しかし、自社株の評価が高いとスムーズな自社株移行ができない場合もあります。そのため、あらかじめ自社株の評価を低減し後継者に移転していく必要があります。
なお自社株の評価については、会社のライフサイクル(創成期→発展期→拡大期→安定期)によって、かなり違い、想像以上に高額になることがあります。以下のような例も少なくありませんので、いかにスムーズな相続を実現するかは早めに考えておく必要があります。
【経営者財産をスムーズに相続できずに倒産してしまった事例】
2000年11月に東京地方裁判所に民事再生法の適用を申請し自主再建を断念、事実上倒産してしまった会社があり負債額が470億円でした。

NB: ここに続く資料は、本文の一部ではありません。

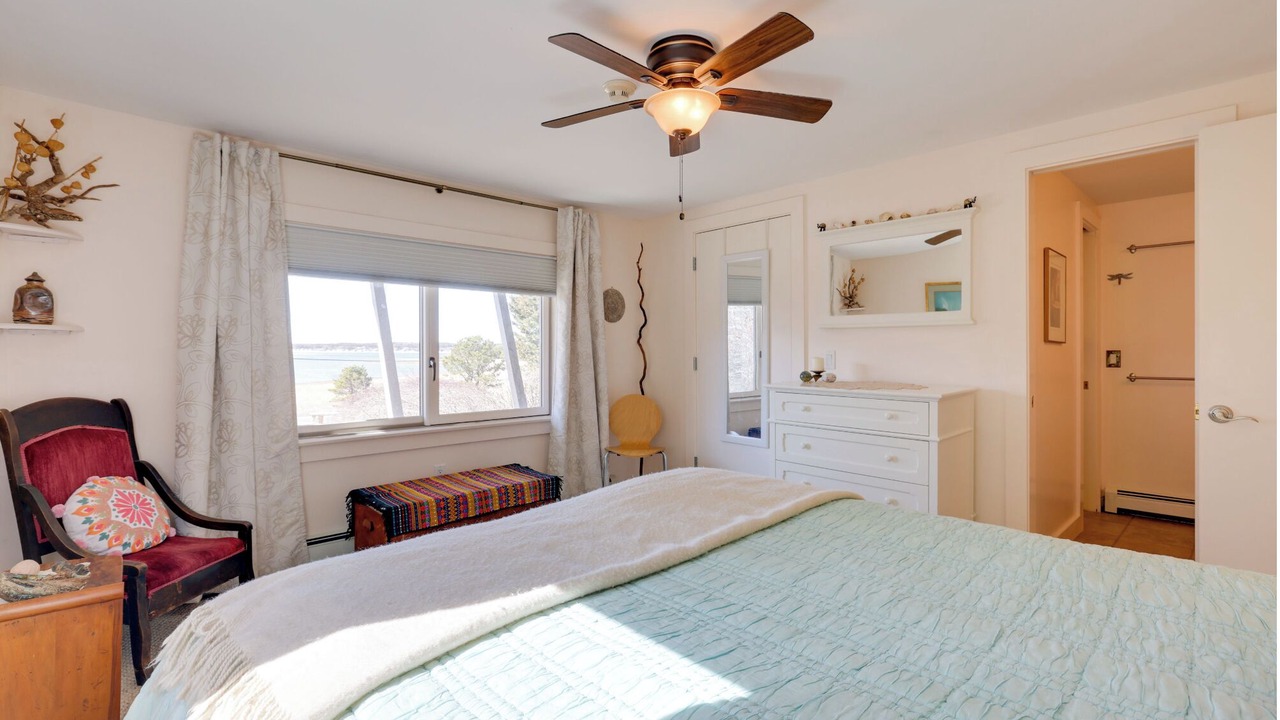 Photo of Bedroom in Wellfleet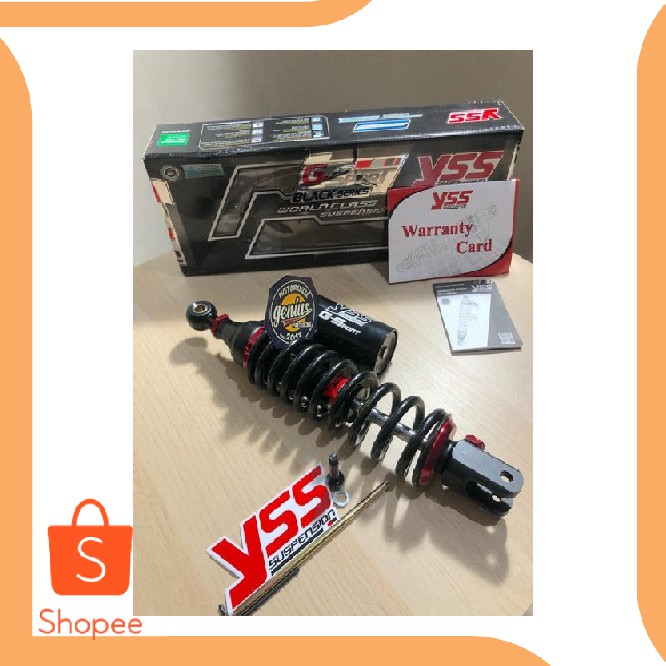 perkakas Shockbreaker YSS G SPORT 330 MM Vario 125 - Vario 150 Full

この会社は1970年には東証1部上場は果たした大手です。A社長が死去した時の遺産が100億円で相続税は70億円でした。問題はこのほとんどが自社株でした。遺族は3人の娘さんで、結局A社長が所有していた自社株2500万株のいうち1700万株を売却、後継者もいない状態で、経営が悪化し倒産となりました。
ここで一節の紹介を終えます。